The net proceeds to the Company from the Offering,
after deducting Placement Agent fees and the Company’s estimated offering expenses, are expected to be approximately $50.7
million. The Offering is expected to close on or before October 10, 2017.
The common stock is registered under the Securities
Act of 1933, as amended, on the Company’s Registration Statement on Form S-3 (Registration No. 333-215391) previously filed
with the Securities and Exchange Commission and declared effective on January 17, 2017. The common stock in this Offering is being
offered and sold pursuant to a base prospectus and a prospectus supplement filed as part of the Registration Statement.
The foregoing summaries of the terms of the
Placement Agency Agreement and the Securities Purchase Agreement are subject to, and qualified in their entirety by, such documents
attached hereto as Exhibits 1.1 and 10.1, respectively, and incorporated herein by reference. Each of the Placement Agency Agreement
and the Securities Purchase Agreement contains representations and warranties that the respective parties made to, and solely for
the benefit of, the other parties thereto in the context of all of the terms and conditions of those agreements and in the context
of the specific relationship between the parties.
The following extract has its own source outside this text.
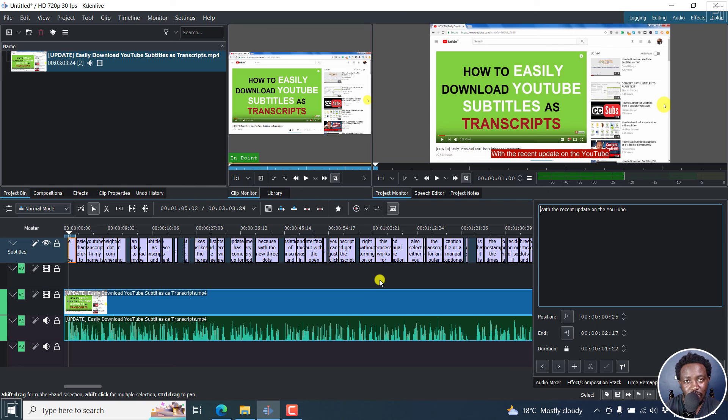Simply put, that is how you export a subtitle file as an SRT file from Kdenlive.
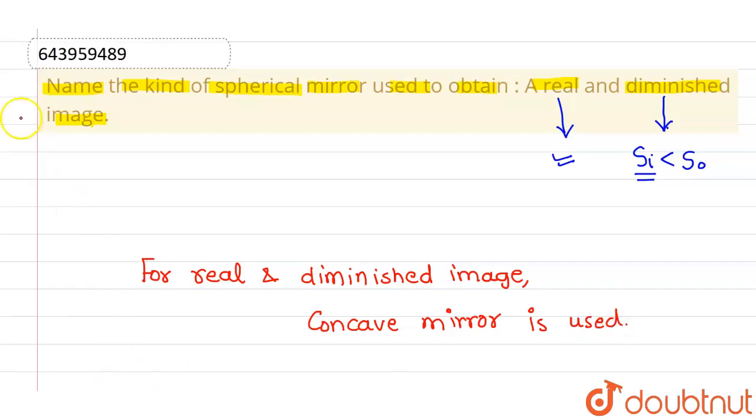So concave mirror is the answer to this particular question. I hope you understood. Thank you.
The provisions of the Placement Agency Agreement and the Securities Purchase
Agreement, including the representations and warranties contained therein, are not for the benefit of any party other than the
parties to such agreements or as stated therein and are not intended as documents for investors and the public to obtain factual
information about the current state of affairs of the parties to those documents and agreements. Rather, investors and the public
should look to other disclosures contained in the Company’s filings with the Securities and Exchange Commission.